A fantastic study piece, Sharma lays out the principles of innovation and their related disciplines, such as Addition Framework (adding a feature for innovation, such as the frame to the lenses for glasses, an eraser to the end of a pencil), Subtraction Framework (streamlining features or taking them away) Disruptive Innovation (such as what the product cannot do) as well as talking about ergonomics and efficiency, which are cornerstones of the innovation principle in degree level education, and, more importantly, the pen-to-paper application of these principles, which is vastly welcome in this type of book, and over more, rare. The writer has obviously come across this oversight in other academic texts and thoughtfully given his student readers a real guide to getting on with it ‘on the ground’. I wish I had read this when studying for my degree in design in London!
Another great point for this book is the questions laid out for design success, such as, “Is the product a status symbol to own now?” or “What is the existing usable life of the product?” Seem like obvious questions, but as an innovation student will know, not asking yourself this type of thing before you start the design process often ends in one of the millions of rubbish products with no purpose that ends up being scrapped or land up in dollar stores with a huge loss of capital.

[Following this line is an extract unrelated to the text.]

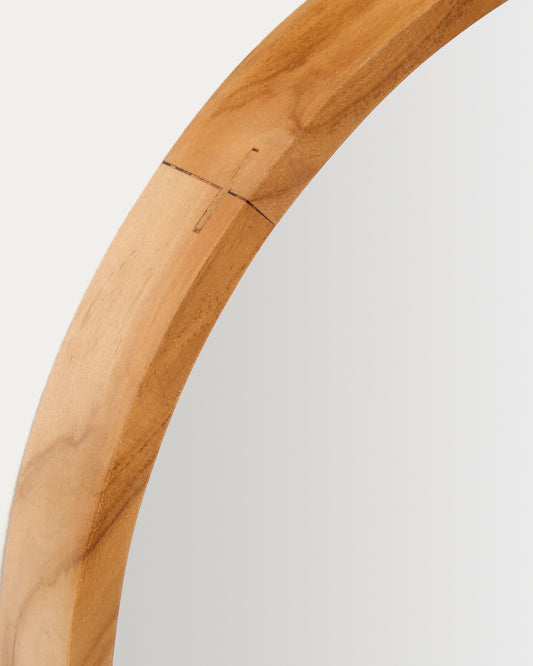 Miroir Magda en bois de teck avec finition naturelle Ø 40 x 60 cm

There is also an erudite and interesting section on business methodology, describing techniques used by successful companies to innovate businesses, which covers matrix organization and Six Sigma in a way that anyone can understand, including links to any relevant websites and information outside of the book itself, along with a steady description of nearly every social networking tool and device we use in business and leisure today, as well as giving first-hand insights into some of the fascinating gadgets being used in India today, and “fun stuff” like how to store ice without a freezer, how to light a fire without a match and build a well using simple techniques really gives the reader some food for thought for application in the modern world.

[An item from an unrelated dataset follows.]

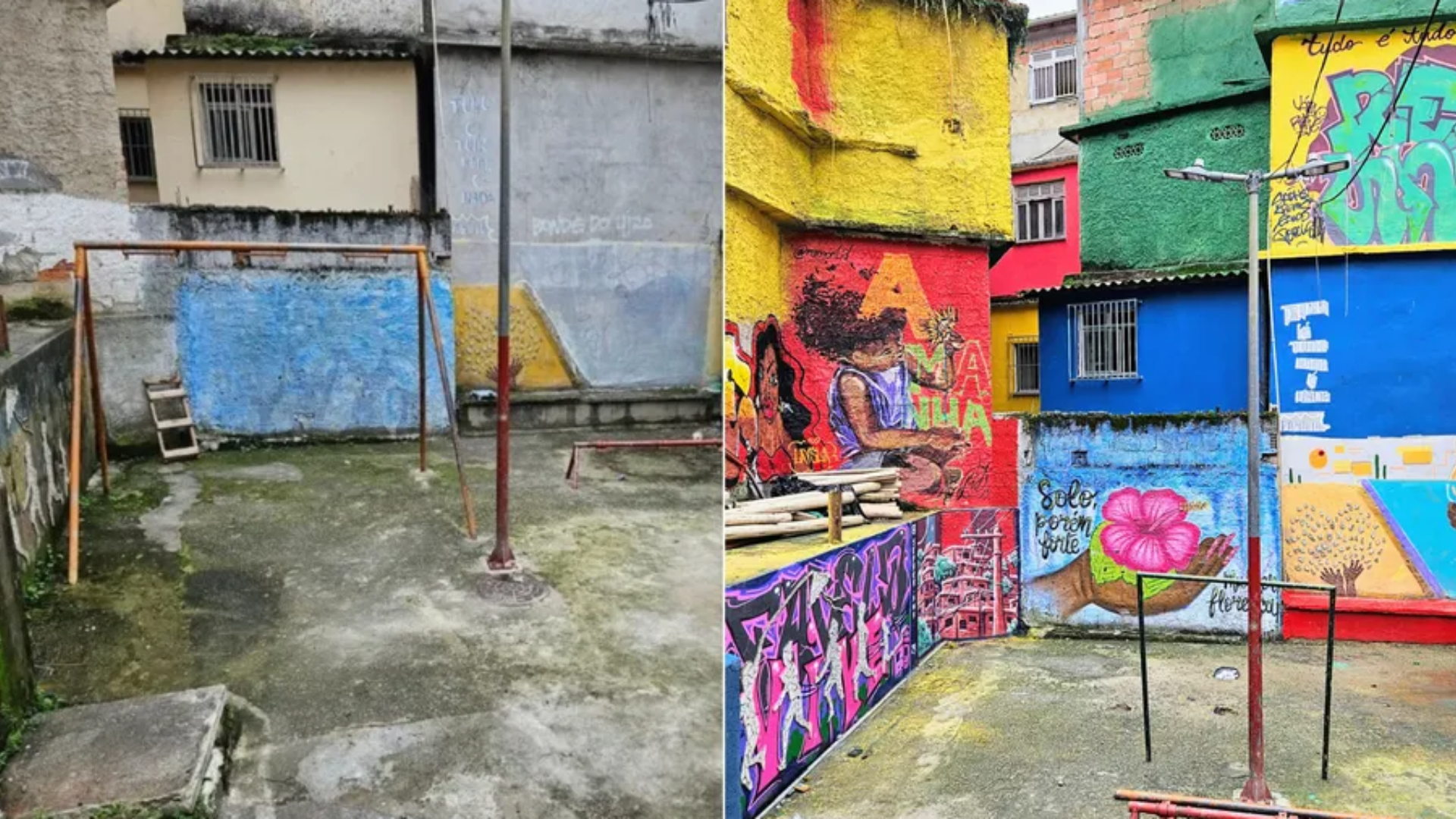 Revitalização Da Praça Do Vidigal: Um Novo Brilho Para A Comunidade Com A Participação De Voluntários E Grafiteiros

I especially devoured the sections of financial concepts such as reverse mortgage and trading because they are concepts that have evaded me up until now. I found them easy to follow and backed up with evidential storytelling to make the ideas stick.
This book is written by someone highly knowledgeable in his field but it falls down on grammar and punctuation because it is clear the author is not first language English and has not had the book edited or proofread before publication, a problem for some of the heavier text, as well as the lack of consistent formatting for titles and sub-headings etc. The paperback version has been professionally edited and should be picked up by many academic libraries.
The photos could afford to be page size, as they do show fun ways to innovate, but are not very easy to see on a Kindle, but maybe this is down to delivery costs for the book: in which case I do not blame the author for keeping them small.
This book has, however, the potential to make it as part of tertiary education material as a solid introduction to innovation, and is also in my opinion, almost mandatory 101 reading for any company leader whose vision is to improve any part of their business model, with chapters on consumer psychology, culture and localization, vendor vs. consumer-centric models and profitability containing some real gems of knowledge that can be a great set of soundbites for any business related situation where knowing it all comes in handy.
I am glad I read this book and will be taking some of the knowledge forward in my everyday working life and also personal life in some areas. I feel enriched in many disciplines and able to apply the methods across the board. Recommended.